Bug#631572: Yes but no.
I really, really don't want upstream to be so stupid.
I might end up being completely wrong, in which case I apologize and
will buy a drink to author(s) of kconfig I offended.
I went to both extremities of my git repo, v2.6.12 and 3.0rc4, and I
found in both cases, in linux2.6.git/scripts/kconfig/confdata.c:
if (p[0] == 'n') {
sym->def[def].tri = no;
sym->flags |= def_flags;
break;
But then again, I wanted you to be right, so I went back to
linux-2.0.tar.gz.

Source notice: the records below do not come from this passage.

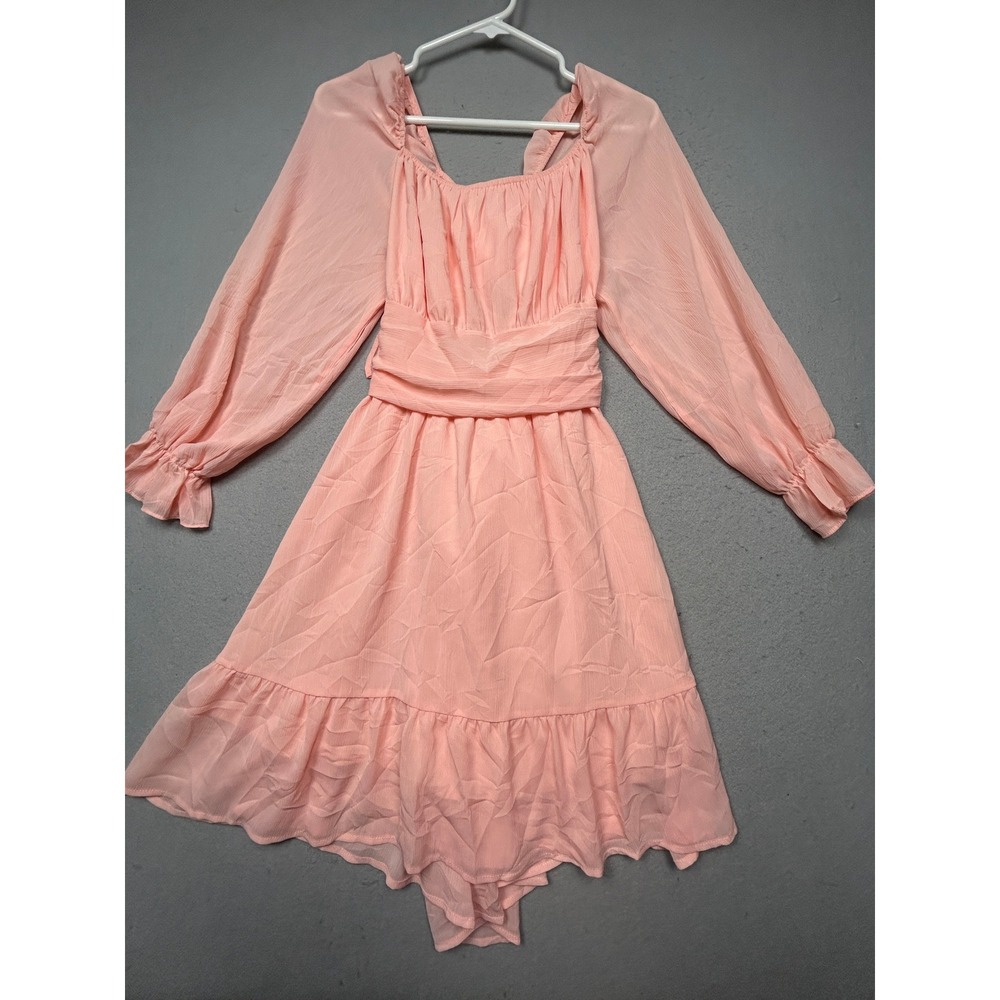 New Collection Dress Chiffon Pink XXL Womens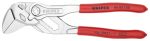 Knipex 86 03 150 | Mini Pliers Wrench - Dual Use Tool | Coated Handle | Chrome Plated - 150mm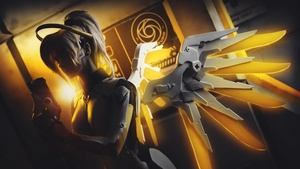 Overwatch, Mercy, 4K wallpaper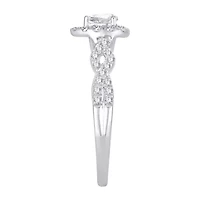 Womens 1/2 CT. T.W. Natural White Diamond 10K Gold Pear Engagement Ring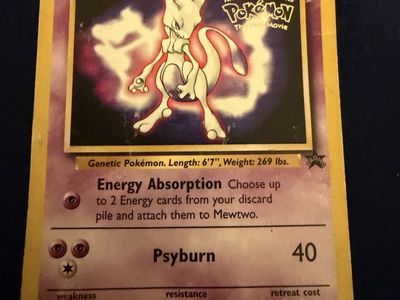 Vintage Mewtwo Promo #3 Pokémon Trading Card Movie Promo 1999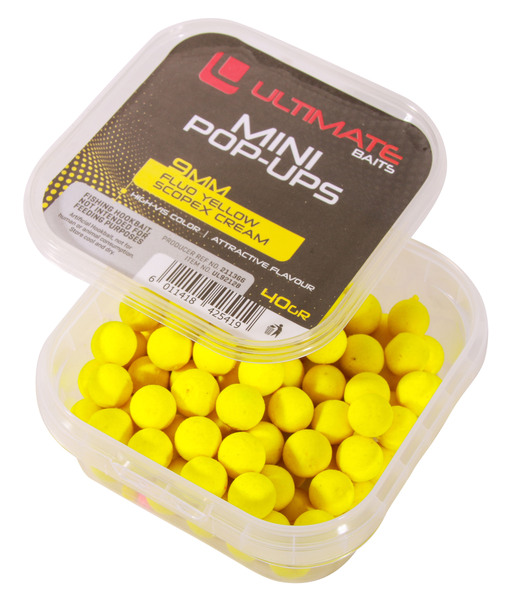 Ultimate Baits Mini Fluo Pop-Ups 9mm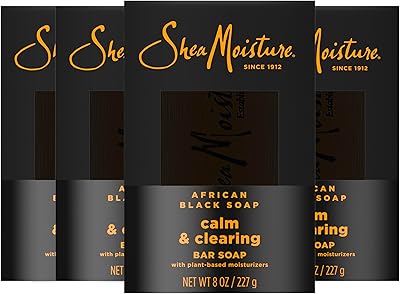 SheaMoisture African Black Soap Calm & Clear Bar Soap 8oz 4-Count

In there, in linux/scripts/header.tk:
proc read_config { filename } {
set file1 [open $filename r]
clear_choices
while { [gets $file1 line] >= 0} {
if [regexp {([0-9A-Za-z_]+)=([ynm])} $line foo var value] {
if { $value == "y" } then { set cmd "global $var; set $var 1" }
if { $value == "n" } then { set cmd "global $var; set $var 0" }
if { $value == "m" } then { set cmd "global $var; set $var 2" }
eval $cmd
}
if [regexp {# ([0-9A-Za-z_]+) is not set} $line foo var] {
set cmd "global $var; set $var 0"
eval $cmd
}
Back to Debian:
I'll admit that I barely understand this whole question, apart from
the counter-intuitiveness I experienced.
Please don't overreact if I'm talking out of my *ss.
- Would you therefore agree that declarations should have precedence
over comments?
- Do we have a good reason for this comment handling code in
kconfig.py is useful? (to me, those comments sound more like "we keep
the default for this one")
- If the answer to the previous 2 questions is "yes", but
implementation of precedence looks tricky/too automagical, can I offer
a patch that replaces all of those comments with "=n" to make the
overwriting of config made in lower-priority files more obvious?